(Items listed in a dataset)
================================

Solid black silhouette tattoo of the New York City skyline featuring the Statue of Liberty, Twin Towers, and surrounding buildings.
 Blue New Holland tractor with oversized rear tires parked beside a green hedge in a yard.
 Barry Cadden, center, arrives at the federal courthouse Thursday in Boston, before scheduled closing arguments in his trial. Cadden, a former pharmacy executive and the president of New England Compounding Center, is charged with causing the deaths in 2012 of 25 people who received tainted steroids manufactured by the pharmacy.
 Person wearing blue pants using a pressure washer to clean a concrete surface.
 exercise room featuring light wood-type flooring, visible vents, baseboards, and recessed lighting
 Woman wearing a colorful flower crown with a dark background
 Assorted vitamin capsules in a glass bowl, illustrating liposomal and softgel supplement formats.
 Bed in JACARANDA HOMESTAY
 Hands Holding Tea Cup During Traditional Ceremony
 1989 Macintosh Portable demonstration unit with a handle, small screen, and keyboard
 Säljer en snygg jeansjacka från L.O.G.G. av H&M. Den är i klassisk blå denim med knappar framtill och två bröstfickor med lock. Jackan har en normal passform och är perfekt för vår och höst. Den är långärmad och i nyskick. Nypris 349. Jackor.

================================

• **Problem requirements**: The answer must consist of each line from the data that includes the string "wearing".

• **Answer**:
 Person wearing blue pants using a pressure washer to clean a concrete surface.
 Woman wearing a colorful flower crown with a dark background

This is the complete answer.